Axis Bank has reported a healthy 18.93% rise in its net profit for the quarter ended September. In a conference call with journalists, V Srinivasan, who has been elevated to the position of deputy managing director, and Sanjeev K Gupta, executive director (Corporate Centre) & CFO, said the bank’s margins are unlikely to alter materially on the back of a base rate change. Excerpts:
What is your guidance on stressed assets?
At the beginning of the year, our initial guidance was for incremental stressed asset creation to be lower than last year and credit cost of around 90 bps. Our guidance for the full year remains unchanged at the end of Q2.
When do you see capex cycle turning around and corporate loans picking up?
I think it does not switch on and off in any one quarter. As we approach the new financial year and rates sort of come down a bit more, I think you would see a lot more risk appetite in terms of investment. So, we should wait towards the end of this fiscal or the early part of next fiscal to see some investment demand come back.
How do you see the pick-up in home loans, especially after a cut in base rates?
We expect the demand in the second half to be higher than the early part of the year on account of the festive season and lower rates. In the first half, credit growth in the retail segment was about 26%. We believe that for the full year, the credit growth in the retail would be around 25%.

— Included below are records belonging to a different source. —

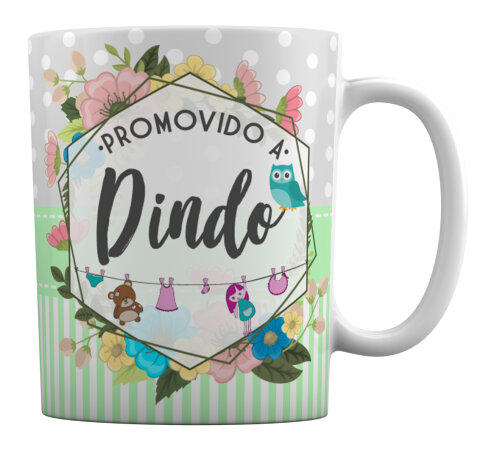 Caneca Branca Personalizada Promovido a Dindo Padrinho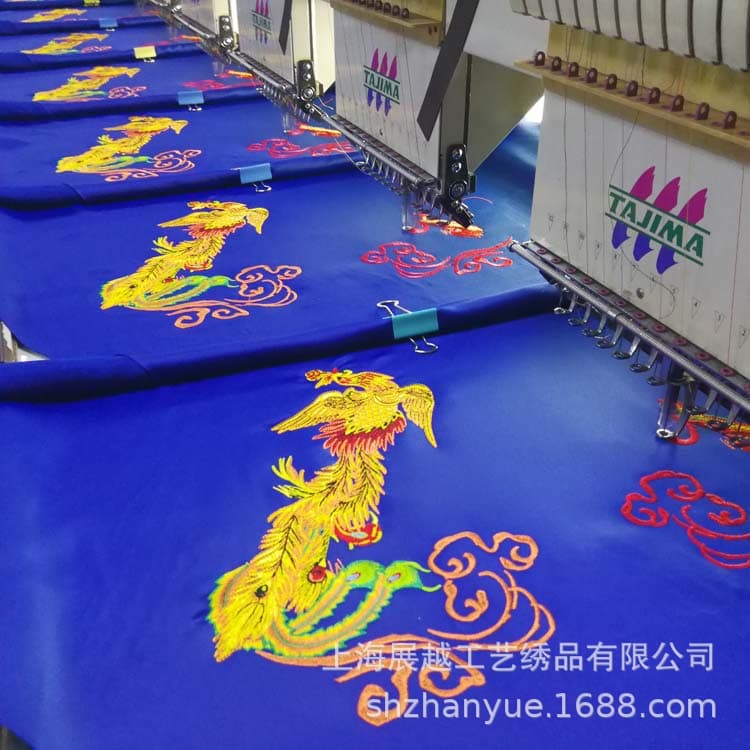 Computerized embroidery processing DIY customization, scarf and Hanfu cutting piece electronic embroidery, garment embroidery logo production OEM factory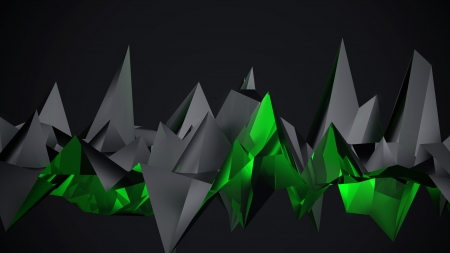 Black Glow Poly - 3d abstract, abstract, black background, polygonal, shapes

Did you sell any assets to ARCs this quarter?
We sold two assets to ARCs worth R1,850 crore.
How much of your loan book is linked to the base rate? How much impact will the base rate change have on margins?
Roughly 82% of our loan book is based on the base rate. All banks have lowered their base rate on the back of easy liquidity and lower deposit rates. So, we have been passing on the benefit of lower cost of funds through reduction in base rate. We believe that our margins are unlikely to change materially on the back of a base rate change.
Are you seeing some sort of stress building up in the infra sector?
In terms of incremental investment demand, it continues to stay muted. What we have on our books in terms of infrastructure sector, the steps taken by the government are in the right direction. We believe that this is going to be useful in terms of the sector coming out in a much better shape over the course of the next few quarters.
Your NIMs were at 3.85%. What were your NIMs in the same quarter last year as well as the first quarter this year?
In the first quarter this year, it was 3.81%, while in the same quarter last year, it was 3.97%. The rise in NIMs this quarter compared to last quarter was because of a reduction in cost of funding by 13 bps on a quarter-on-quarter basis.